Uno sceneggiatore ha sempre una scadenza. Lo sceneggiatore scrive sempre, ma non scrive per sempre la stessa cosa. Lo sceneggiatore si dà un tempo per capire se una storia può funzionare. Lavora così per naturale organizzazione. Quando scade il tempo, lo sceneggiatore ha davanti a sé due scelte. Infilare la storia incompleta in un cassetto, avendo cura di incollarci sopra un post it in cui annotare i problemi che fanno di questa, una storia da rimandare. Oppure decidere di proseguire, ma sapendo che allora si andrà fino in fondo e che la storia vale il tempo da impiegare per scriverla, vale tutte le rinunce, le ore da dedicarci sottratte alla vita dello sceneggiatore e che quella scommessa deve essere fatta razionalmente e non velleitariamente.

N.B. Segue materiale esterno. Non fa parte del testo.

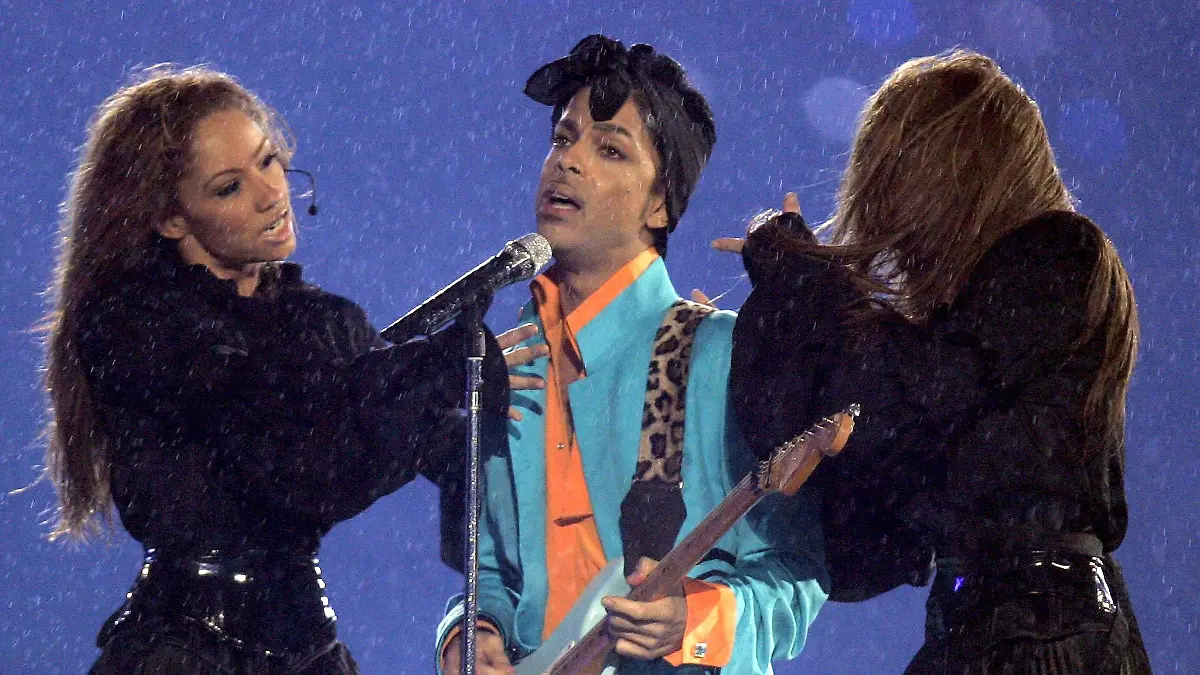 Recording artist Prince performs during the halftime show of Super Bowl XLI in Miami, Florida, Sunday 04 February 2007. The Indianapolis Colts play the Chicago Bears.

Lo sceneggiatore sa che è giusto così. Che bisogna abituarsi a lavorare sotto scadenza. Deve essere allenato a lavorare sotto scadenza. E sotto pressione perché sotto scadenza. Essere allenati a chiudere un lavoro rispettando il termine fissato è la differenza tra un dilettante e un professionista.

 

Lo sceneggiatore sa come ha imparato. Ricorda quando ha cominciato e quando ha imparato a lavorare bene e sotto scadenza. Quando ha imparato a chiudere una storia in un termine prefissato? E’ successo quando si è iscritto ad un buon corso di sceneggiatura: quando è stato costretto a scrivere di continuo, a confrontarsi ad ogni passo, a scegliersi uno o due compagni che gli andavano bene, a discutere di cinema con chiunque, a raccontare le sue storie ad altri nelle pause pranzo e rispettare tutte le scadenze, se non voleva subire cazziatoni mitici.

È da questo, sostanzialmente, che si riconosce uno sceneggiatore.